YOUR GOAL: Your output should be the lines below from the one with "Floorplan - 16207" through the one with "Peinture PETITS ET", copied exactly, pictures excluded.

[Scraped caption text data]

----------

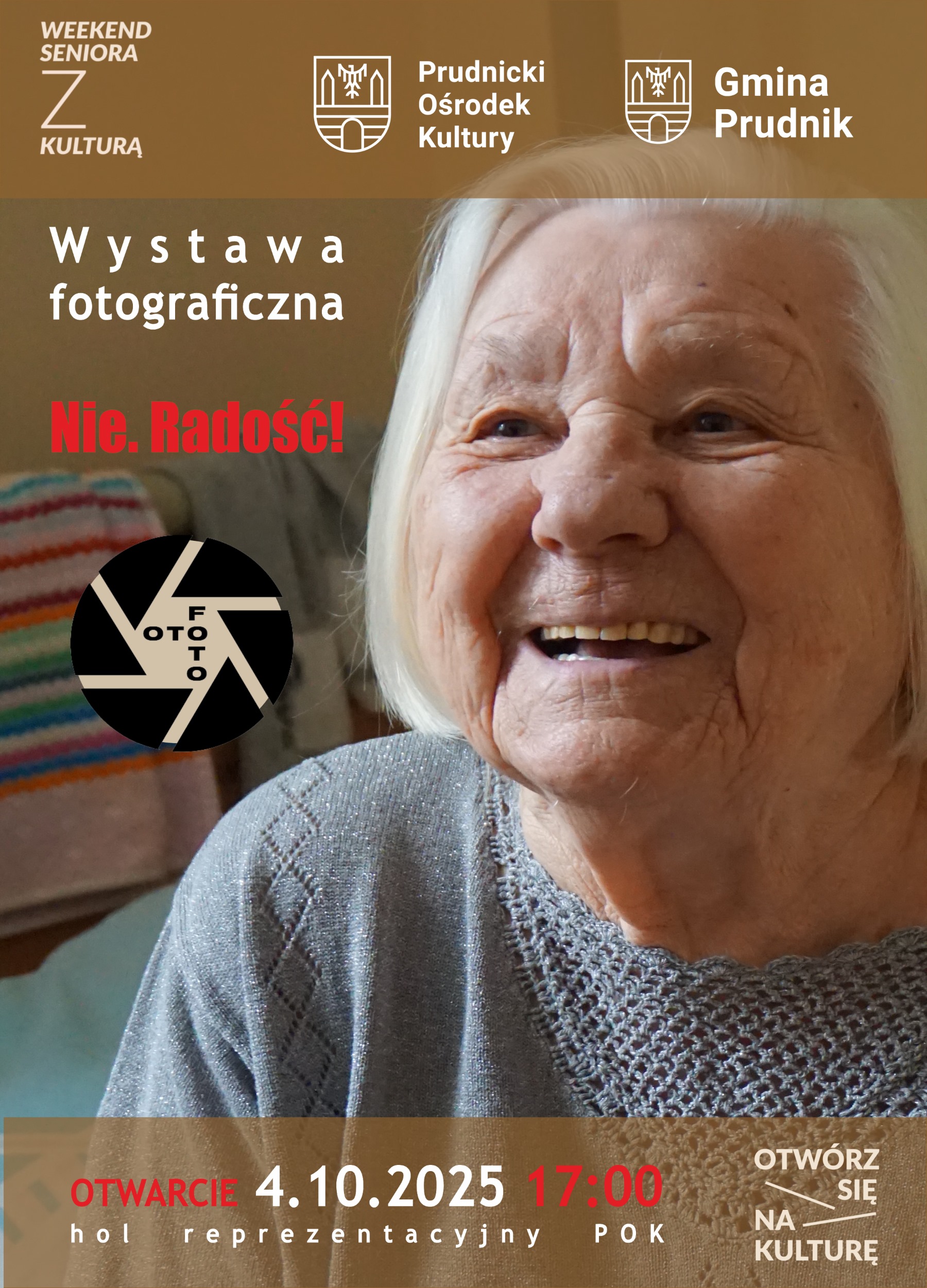 Wystawa fotograficzna „Nie. Radość!” | „Weekend Seniora z Kulturą”
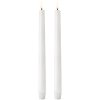 Uyuni Lighting Kronelys LED 2 stk. 2,3xH25 cm, Nordic White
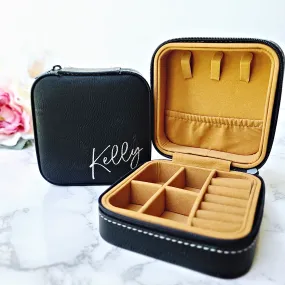 Script Name Travel Jewelry Box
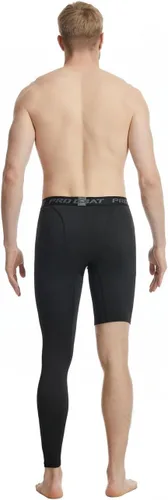 Vista 2 de Pantalones deportivos ajustados de una sola pierna de baloncesto para hombre, pantalones de compresión de 12 de una pierna, ropa interior atlética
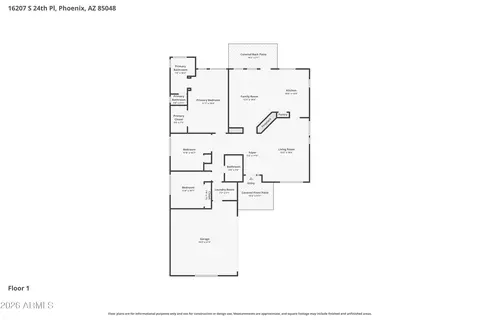 Floorplan - 16207 S 24th Pl, Phoenix, AZ 85048 photo 1 of 1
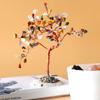 Crystal Tree With Agate Base, 100 Mixed Gemstones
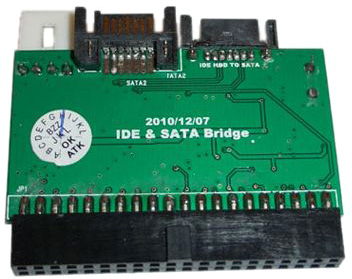 Переходник ORIENT 1S-1B ( IDE-SATA и SATA-IDE)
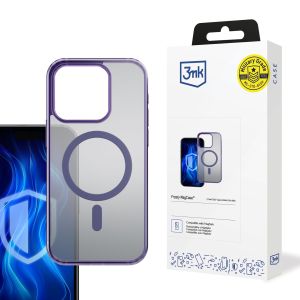 Étui do Apple iPhone 16 Pro Max - 3mk Frosty MagCase Violet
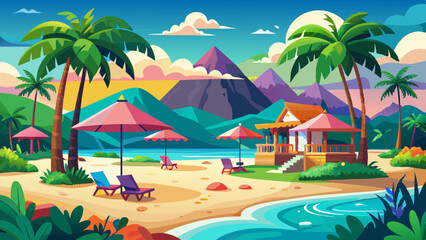 landscape-beach-paradise-resort-in-summer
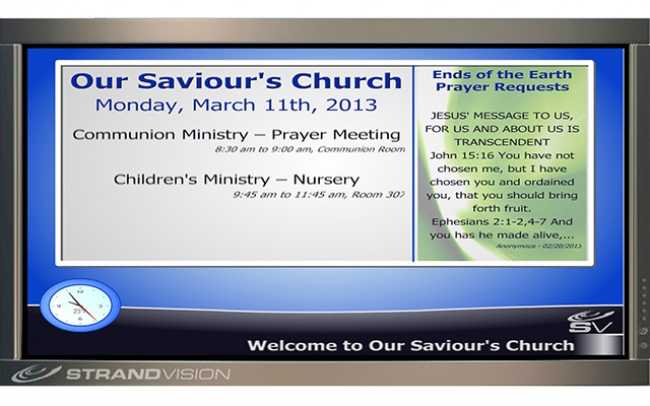 StrandVision brings events scheduling to digital signage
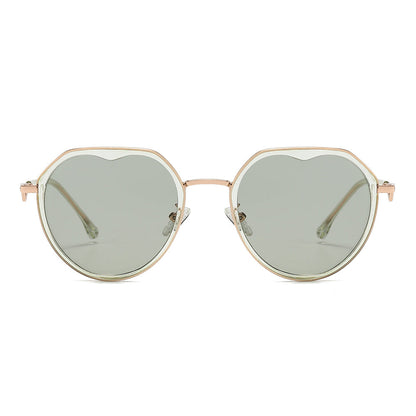5 Colors Cool Fashion Diamond-cut Framed Sunglasses 2323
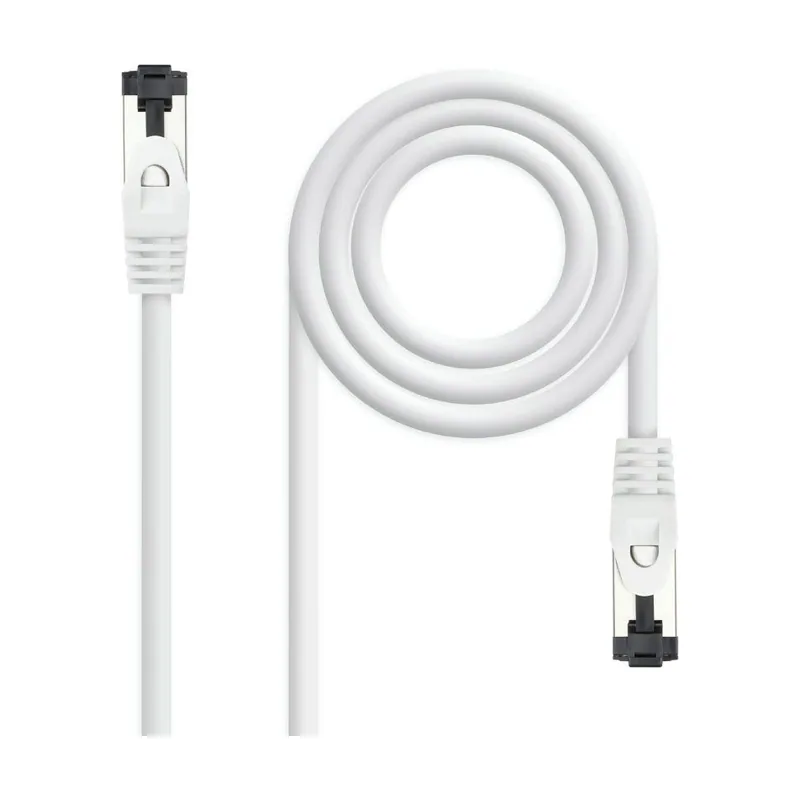 Nanocable Cable red Cat. 8.1 2GHZ SSTP Blanco 1m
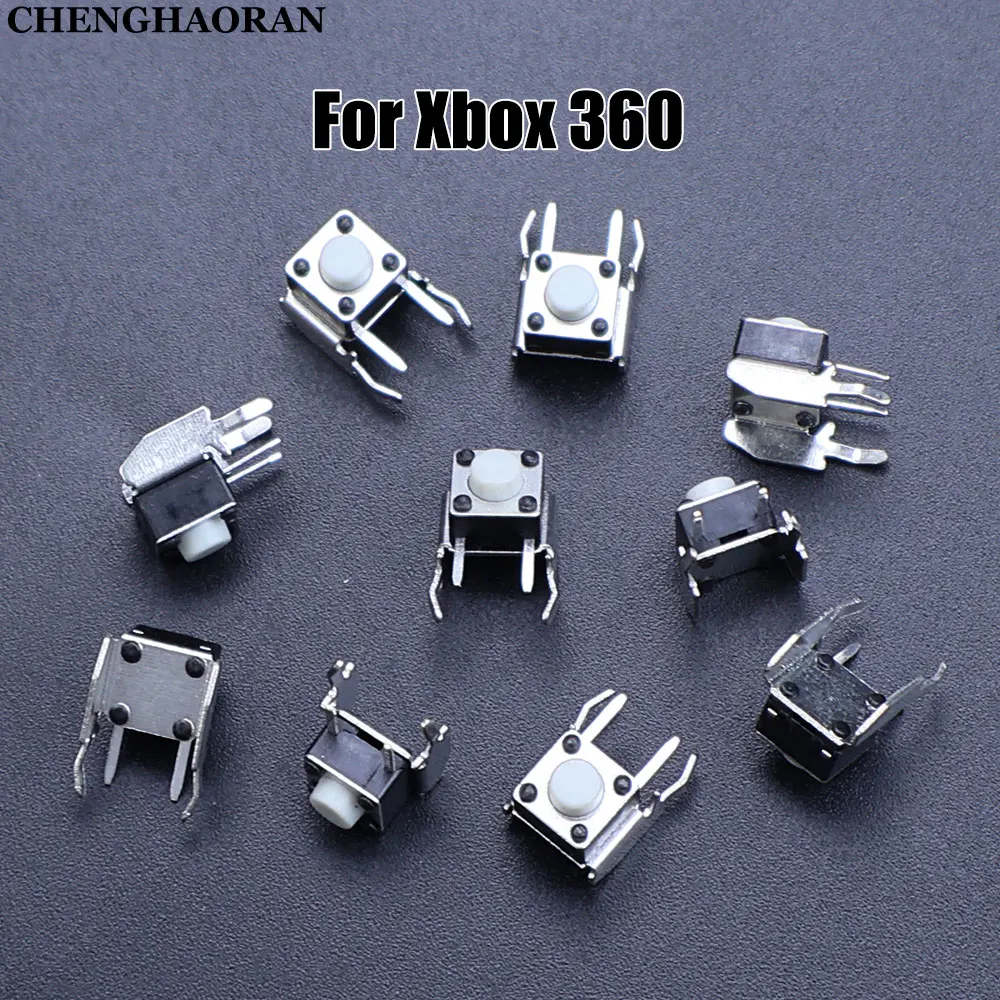 

20-100PCS Replacement LB RB Switch Button For Xbox 360 Controller Handle Switch Bumper Joystick Button Repair Parts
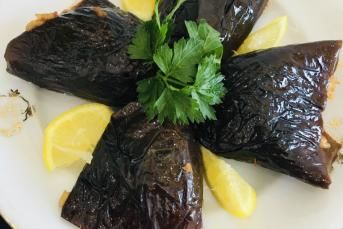 Kuru Patlıcan Dolması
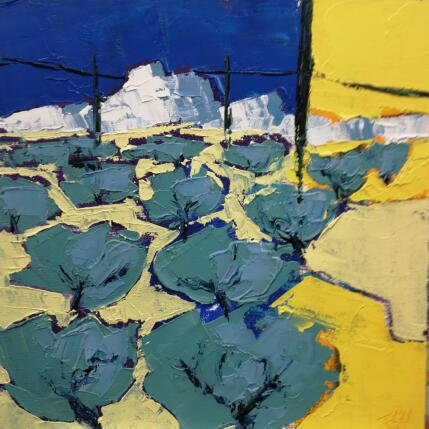 Peinture PETITS ET GRANDS par L'huillier Françis | Tableau Abstrait Huile Paysages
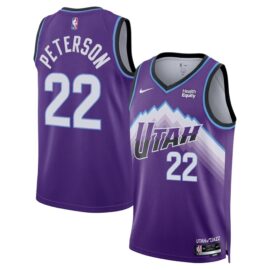 KODYSPORTS Premium Basketball Darryn Peterson #22 Utah Jazz Icon Edition Fan Support Team Jersey - Purple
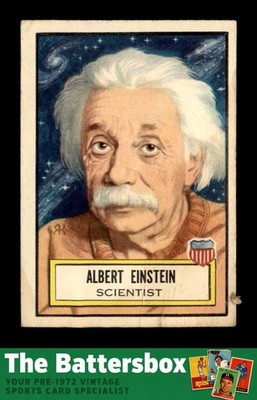 1952 Topps Look n See #20 Albert Einstein SP G/VG X3735861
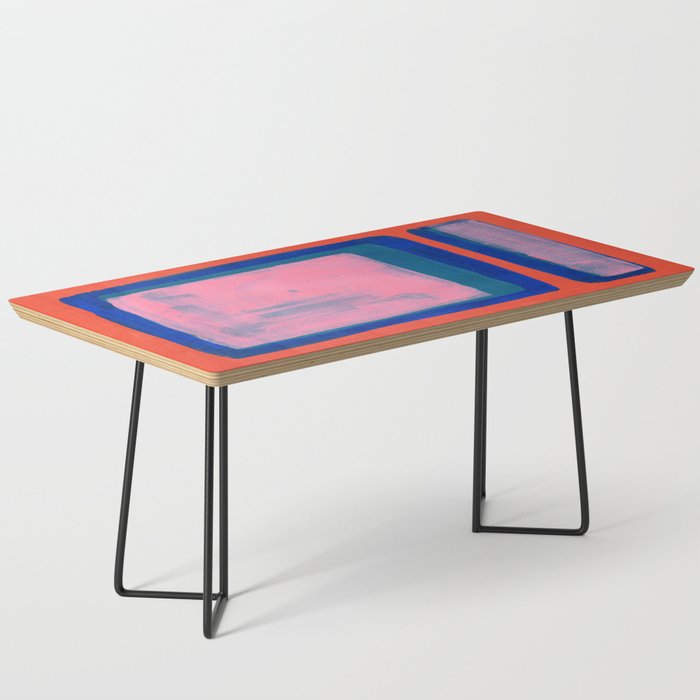 Double Blue Pink Colourfield  Coffee Table Gallery Image 1
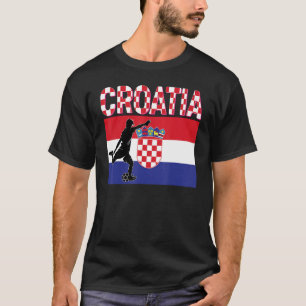 T-shirt Équipe Nationale De Croatie Football Mondial Footb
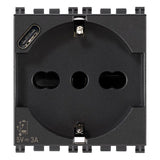 Vimar Arké SICURY Universal Socket Outlet, Italian Standard P40, 2P+E, 16A 250V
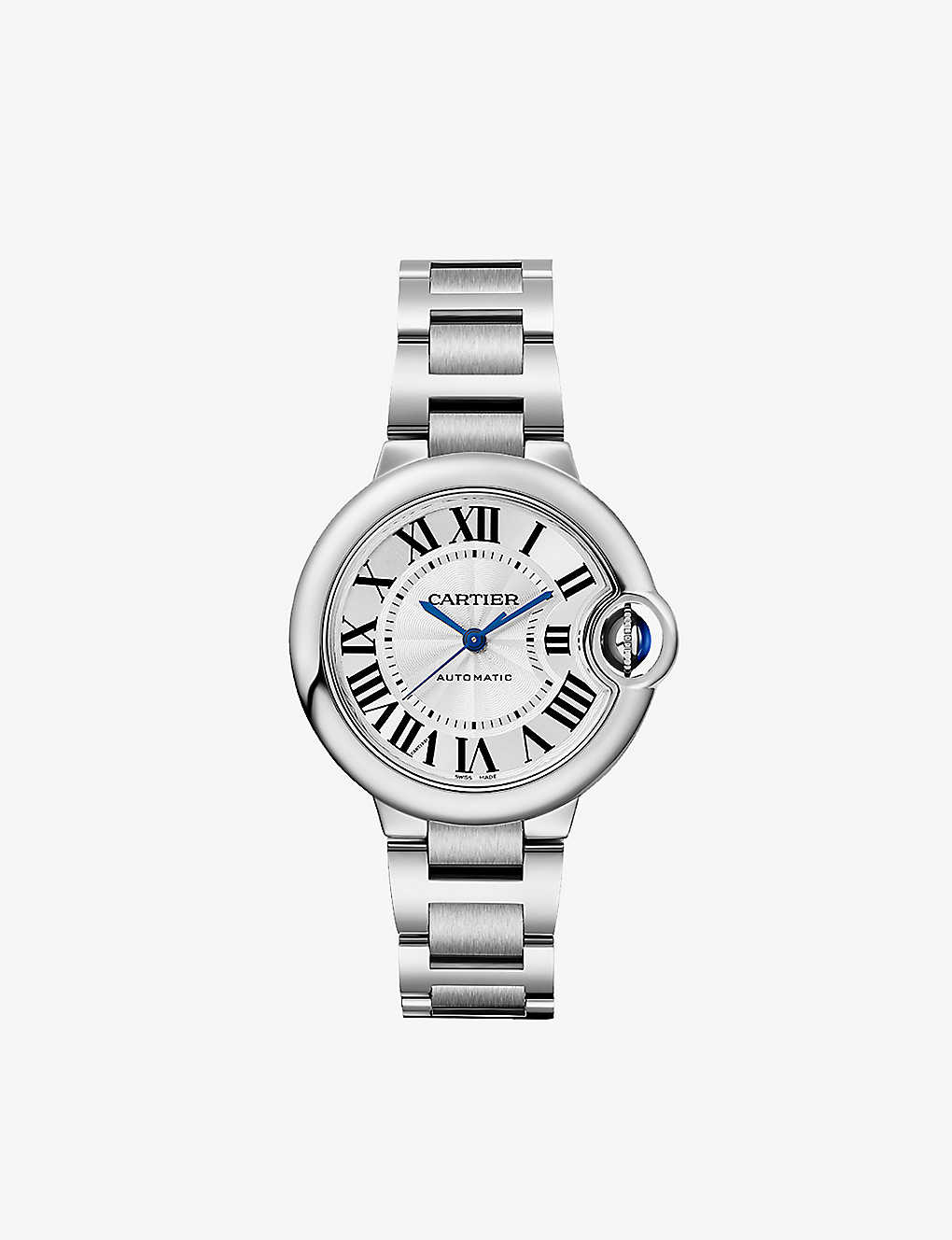 Cartier Womens Steel Crwsbb0044 Ballon Bleu De Steel Mechanical Watch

----------

FINISHED TASK:
 Floorplan - 16207 S 24th Pl, Phoenix, AZ 85048 photo 1 of 1
 Crystal Tree With Agate Base, 100 Mixed Gemstones
 Переходник ORIENT 1S-1B ( IDE-SATA и SATA-IDE)
 Étui do Apple iPhone 16 Pro Max - 3mk Frosty MagCase Violet
 landscape-beach-paradise-resort-in-summer
 StrandVision brings events scheduling to digital signage
5 Colors Cool Fashion Diamond-cut Framed Sunglasses 2323
 Nanocable Cable red Cat. 8.1 2GHZ SSTP Blanco 1m

20-100PCS Replacement LB RB Switch Button For Xbox 360 Controller Handle Switch Bumper Joystick Button Repair Parts
 Kuru Patlıcan Dolması
 Peinture PETITS ET GRANDS par L'huillier Françis | Tableau Abstrait Huile Paysages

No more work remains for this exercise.